I am very confident that the developer will – one way or another, all legal and normal-course – get a re-zoning to re-develop the property as something more profitable, denser and probably taller. It will, after all, be close to transit. We can’t legally turn down a development application on the grounds that it will mean displacing the existing tenants. Even if we try, I am certain that the developer will win a challenge at the LPAT. With a new development plan in place, the developer will pursue evictions through the Landlord and Tenant Board and that will likely leave current tenants who are unable to afford the new rents out in the cold and with a bare minimum of assistance.

We may, by the time a re-zoning is sought, have an inclusionary zoning by-law. I have little confidence, however, that that will provide existing tenants with a sufficient number of units at rents that the longest-term residents will be able to afford. And, it will not be the same building type. It won’t protect tenants from the disruption of having to move when their units are demolished.

At the end of the day, most of the tenants in Manor Village would be worse off. We could have chosen a less-than-optimal route for the LRT and left Manor Village in the hands of a private developer, the Landlord and Tenant Tribunal, and the Local Planning Appeal Tribunal. That would mean the City will have no tools to try to help those residents as re-development plans move forward.

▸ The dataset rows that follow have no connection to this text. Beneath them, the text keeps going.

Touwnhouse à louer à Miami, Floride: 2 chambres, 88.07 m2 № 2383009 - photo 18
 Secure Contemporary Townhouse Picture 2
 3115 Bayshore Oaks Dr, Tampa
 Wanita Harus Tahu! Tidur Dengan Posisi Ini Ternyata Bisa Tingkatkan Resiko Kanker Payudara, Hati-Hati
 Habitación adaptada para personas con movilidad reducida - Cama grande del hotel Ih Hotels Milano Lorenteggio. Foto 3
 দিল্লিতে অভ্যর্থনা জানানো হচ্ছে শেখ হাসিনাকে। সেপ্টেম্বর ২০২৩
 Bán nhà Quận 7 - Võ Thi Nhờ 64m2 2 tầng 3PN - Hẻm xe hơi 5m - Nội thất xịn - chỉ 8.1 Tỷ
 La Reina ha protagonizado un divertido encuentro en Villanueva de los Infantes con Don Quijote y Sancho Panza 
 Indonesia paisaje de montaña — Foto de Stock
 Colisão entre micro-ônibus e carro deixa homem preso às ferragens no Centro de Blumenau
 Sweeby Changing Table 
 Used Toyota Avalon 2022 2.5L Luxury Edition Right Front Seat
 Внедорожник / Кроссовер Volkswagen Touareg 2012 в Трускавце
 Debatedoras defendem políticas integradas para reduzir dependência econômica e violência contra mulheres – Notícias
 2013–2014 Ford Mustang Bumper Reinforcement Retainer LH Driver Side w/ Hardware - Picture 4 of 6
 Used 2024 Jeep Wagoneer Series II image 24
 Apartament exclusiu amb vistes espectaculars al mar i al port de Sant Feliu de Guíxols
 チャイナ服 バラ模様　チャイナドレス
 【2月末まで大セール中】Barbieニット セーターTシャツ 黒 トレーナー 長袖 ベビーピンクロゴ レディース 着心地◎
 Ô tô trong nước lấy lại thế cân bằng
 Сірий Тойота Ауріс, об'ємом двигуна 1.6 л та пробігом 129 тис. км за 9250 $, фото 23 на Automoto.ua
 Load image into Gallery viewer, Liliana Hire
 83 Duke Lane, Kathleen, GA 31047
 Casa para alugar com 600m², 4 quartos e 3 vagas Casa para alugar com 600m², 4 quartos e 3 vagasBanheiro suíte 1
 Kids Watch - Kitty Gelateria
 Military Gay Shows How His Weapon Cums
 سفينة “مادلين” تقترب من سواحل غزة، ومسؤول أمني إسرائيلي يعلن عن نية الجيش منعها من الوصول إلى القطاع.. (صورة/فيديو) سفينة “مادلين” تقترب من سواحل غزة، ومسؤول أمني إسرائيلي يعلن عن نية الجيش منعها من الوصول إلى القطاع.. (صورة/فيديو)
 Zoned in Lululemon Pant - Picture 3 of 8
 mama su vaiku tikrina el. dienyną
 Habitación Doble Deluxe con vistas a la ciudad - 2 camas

While it is still probably 7-10 years away, though, acquiring the property at least provides some hope of tenant protections. Multiple commitments were made by way of motions at Committee and Council to explore how the affected tenants could be offered appropriate replacement housing at appropriate rents. That’s something that, if the City controls the property, it can do. There’s a lot of pieces that need to fall into place: an acquisition, the inclusion of housing funding in LRT funding (which has not been committed to by the Province or feds yet), likely some contribution of funding by the City. None of those are a guarantee today. Choosing the staff-recommended (and optimal) route is at least a first step toward that.

There’s no guarantee that the developer won’t simply move ahead with re-development of Manor Village in advance of the City’s ability to offer at least some help and this may all be moot. But my vote yesterday was in favour of a path that will both help us try to help Manor Village residents and to ensure the LRT is optimally routed.

I get the criticism. The optics are bad of voting in favour of an LRT route that would require the expropriation and demolition of housing that, for many residents, is affordable in the midst of a housing crisis - even if that day is many years off. I spent time with residents and significant time in conversation with colleagues about this issue, vacillating on it even from my support for the staff recommendation at committee.

At the end of the day, and confident in my understanding of what is likely to transpire in the coming months and years for residents of Manor Village if left in private hands, I cannot escape the conclusion that choosing a different route would result in worse outcomes for everyone. The issues that face Manor Village residents are more immediate than LRT, and that was very much on my mind as I voted.